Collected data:
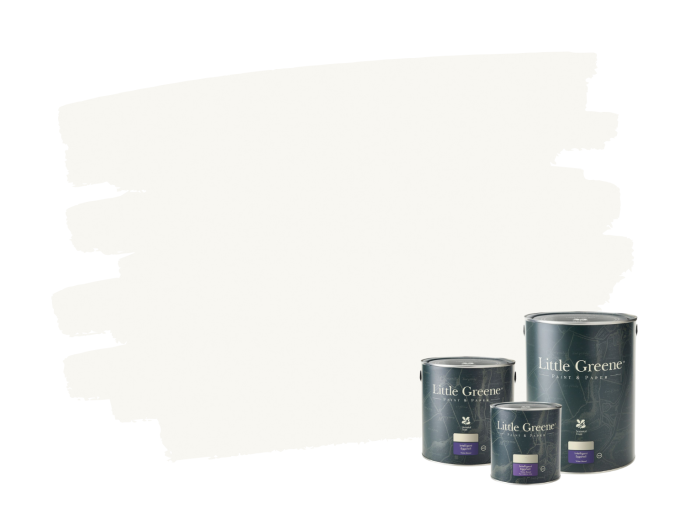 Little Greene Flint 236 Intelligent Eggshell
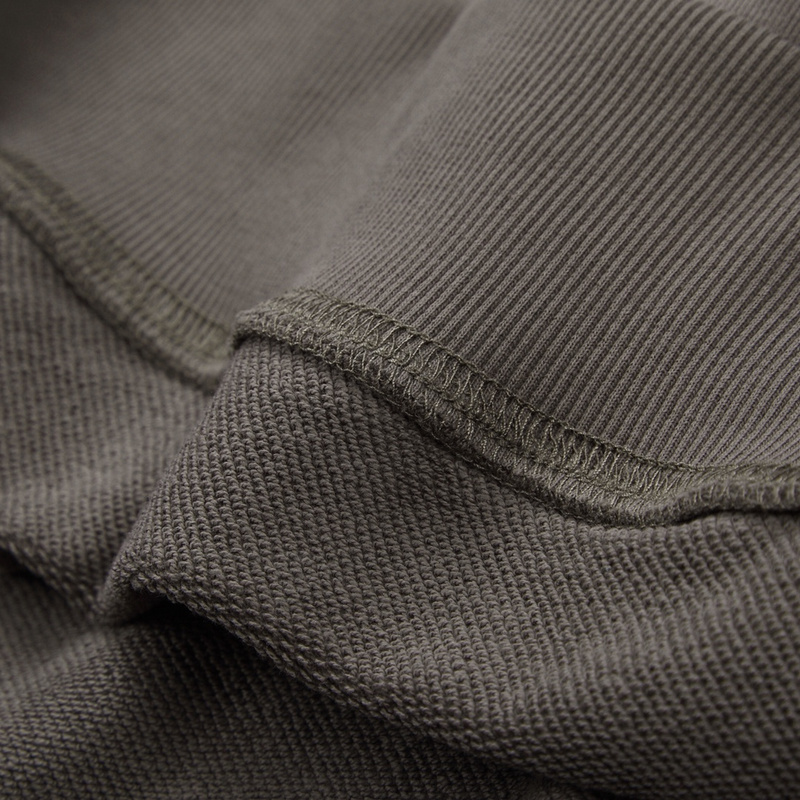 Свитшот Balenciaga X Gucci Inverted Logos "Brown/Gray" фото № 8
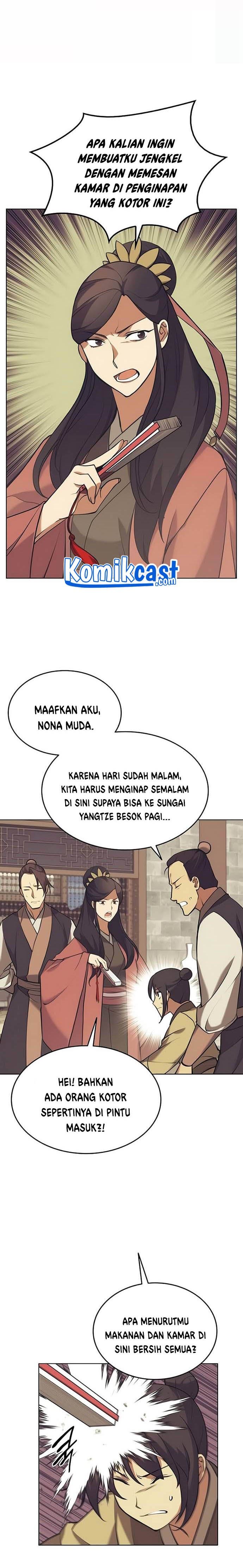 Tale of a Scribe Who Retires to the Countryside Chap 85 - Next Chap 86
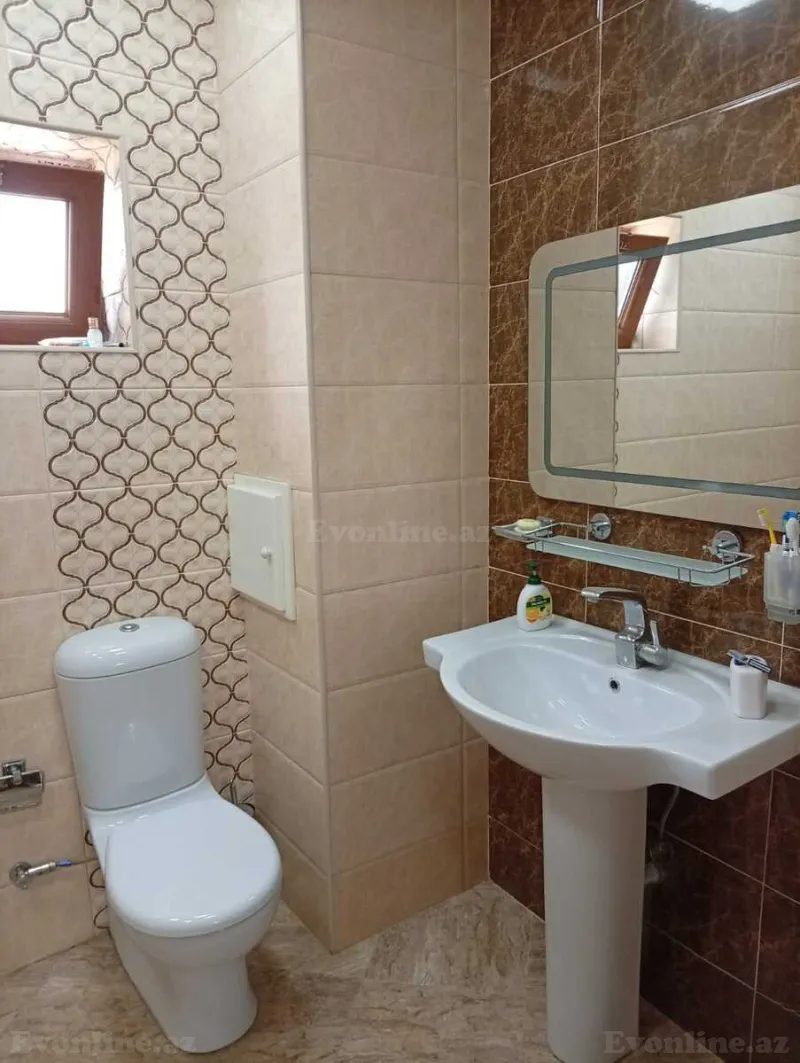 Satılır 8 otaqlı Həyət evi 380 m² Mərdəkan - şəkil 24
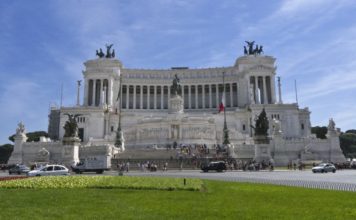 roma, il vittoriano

YOUR OBJECTIVE
Transcribe all lines above exactly, skipping pictures.

REPLY TO THE TASK
 Little Greene Flint 236 Intelligent Eggshell
 Свитшот Balenciaga X Gucci Inverted Logos "Brown/Gray" фото № 8
 Tale of a Scribe Who Retires to the Countryside Chap 85 - Next Chap 86
 Satılır 8 otaqlı Həyət evi 380 m² Mərdəkan - şəkil 24
 roma, il vittoriano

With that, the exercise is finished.